BRASIL É GOVERNADO PELO ANTICRISTO
Enfim, dias atrás li o editorial de Mino Carta na revista Carta Capital nº 1172 (ler aqui) e ele citava Celso Amorim e Leonardo Boff, que explicou o que é ser anticristo e deixou claro que o sujeito que ocupa a cadeira da presidência do país é o anticristo.
Ler Machado de Assis com o olhar e a experiência do leitor que teve a oportunidade na vida de se alfabetizar e de se politizar é descobrir que desde sempre nós tivemos pessoas que fizeram a sua parte e o que era possível para criticar a situação miserável em que a ampla maioria dos povos vivem, não por ser natural, mas porque os valores que prevalecem naqueles contextos são os de minorias privilegiadas.
CENTENÁRIO DE PAULO FREIRE - Que posso dizer sobre nosso educador maior? Paulo Freire vive! Eu esperancei e vivenciei a experiência do método de Freire ao atuar na formação sindical por muitos anos. Viva Paulo Freire!
NOMADLAND - Assisti ontem ao filme Nomadland (2020), ganhador do Oscar 2021 e fiquei pensativo, fiquei triste, constatei o que já sabia. Mas as reflexões ficam para outra hora, se é que escrevo algo a respeito. No filme, vemos tudo que o Diabo introduziu em sua igreja, a venalidade, a questão da solidariedade, tudo.
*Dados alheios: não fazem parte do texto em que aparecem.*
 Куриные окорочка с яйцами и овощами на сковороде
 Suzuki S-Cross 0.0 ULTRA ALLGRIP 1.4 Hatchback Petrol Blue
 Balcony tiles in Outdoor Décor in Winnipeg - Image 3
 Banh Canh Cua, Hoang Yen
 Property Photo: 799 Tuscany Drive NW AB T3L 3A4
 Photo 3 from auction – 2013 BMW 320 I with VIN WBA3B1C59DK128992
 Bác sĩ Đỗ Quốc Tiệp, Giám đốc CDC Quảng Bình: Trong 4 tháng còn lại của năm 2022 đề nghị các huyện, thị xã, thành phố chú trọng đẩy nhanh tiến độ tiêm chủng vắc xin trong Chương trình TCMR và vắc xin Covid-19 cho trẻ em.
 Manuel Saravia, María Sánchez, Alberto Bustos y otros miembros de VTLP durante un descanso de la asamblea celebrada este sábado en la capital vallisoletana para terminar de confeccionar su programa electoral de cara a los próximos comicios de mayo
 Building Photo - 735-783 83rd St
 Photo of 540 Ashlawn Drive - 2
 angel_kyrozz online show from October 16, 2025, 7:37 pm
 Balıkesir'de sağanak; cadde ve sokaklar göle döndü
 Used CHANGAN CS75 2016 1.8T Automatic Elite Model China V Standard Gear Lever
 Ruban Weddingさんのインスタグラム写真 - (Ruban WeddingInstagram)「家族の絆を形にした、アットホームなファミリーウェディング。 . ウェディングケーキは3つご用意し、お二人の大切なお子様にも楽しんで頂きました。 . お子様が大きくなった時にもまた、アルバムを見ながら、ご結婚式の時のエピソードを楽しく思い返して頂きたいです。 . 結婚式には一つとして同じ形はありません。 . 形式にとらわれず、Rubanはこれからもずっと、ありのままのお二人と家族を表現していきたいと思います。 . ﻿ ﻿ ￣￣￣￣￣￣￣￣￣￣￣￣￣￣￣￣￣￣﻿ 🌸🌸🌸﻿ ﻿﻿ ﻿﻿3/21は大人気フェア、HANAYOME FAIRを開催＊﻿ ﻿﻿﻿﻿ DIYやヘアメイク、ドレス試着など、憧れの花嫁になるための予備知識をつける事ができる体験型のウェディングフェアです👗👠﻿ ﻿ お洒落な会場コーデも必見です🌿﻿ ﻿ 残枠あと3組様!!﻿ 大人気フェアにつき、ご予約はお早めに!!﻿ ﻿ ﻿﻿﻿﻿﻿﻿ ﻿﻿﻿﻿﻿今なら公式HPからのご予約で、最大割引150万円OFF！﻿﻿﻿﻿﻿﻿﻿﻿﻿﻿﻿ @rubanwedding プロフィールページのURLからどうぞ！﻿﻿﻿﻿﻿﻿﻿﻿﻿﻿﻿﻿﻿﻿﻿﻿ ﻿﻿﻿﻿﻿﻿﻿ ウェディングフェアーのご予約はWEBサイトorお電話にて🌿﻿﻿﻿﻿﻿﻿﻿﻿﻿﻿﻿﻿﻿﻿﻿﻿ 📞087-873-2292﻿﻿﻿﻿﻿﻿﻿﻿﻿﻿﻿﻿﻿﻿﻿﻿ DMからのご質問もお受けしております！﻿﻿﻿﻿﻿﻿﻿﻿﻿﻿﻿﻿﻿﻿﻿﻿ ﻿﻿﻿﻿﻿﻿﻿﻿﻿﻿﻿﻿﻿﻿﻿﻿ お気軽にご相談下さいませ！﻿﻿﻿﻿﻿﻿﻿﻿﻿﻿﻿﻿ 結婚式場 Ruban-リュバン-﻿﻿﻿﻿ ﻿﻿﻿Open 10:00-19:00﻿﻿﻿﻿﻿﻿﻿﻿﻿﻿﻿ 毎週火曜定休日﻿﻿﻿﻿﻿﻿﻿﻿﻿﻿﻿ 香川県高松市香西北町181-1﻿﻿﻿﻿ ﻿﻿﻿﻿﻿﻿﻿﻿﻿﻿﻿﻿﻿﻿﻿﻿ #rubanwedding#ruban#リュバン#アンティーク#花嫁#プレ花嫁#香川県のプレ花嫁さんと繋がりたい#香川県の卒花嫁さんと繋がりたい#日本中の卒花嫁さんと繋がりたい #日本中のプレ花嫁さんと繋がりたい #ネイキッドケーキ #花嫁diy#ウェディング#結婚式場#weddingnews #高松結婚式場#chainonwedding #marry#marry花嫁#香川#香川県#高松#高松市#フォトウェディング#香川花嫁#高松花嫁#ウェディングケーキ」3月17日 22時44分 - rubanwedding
Aliás, no filme vemos as franjas, questão central do conto de Machado. Nem tudo está perdido, nem tudo. Caso queiram ler o conto, é só clicar aqui.
Bom domingo!
William
Bibliografia:
ASSIS, Machado de. 50 contos de Machado de Assis. Seleção, introdução e notas John Gledson. São Paulo: Companhia das Letras, 2007. 14ª reimpressão, 2015.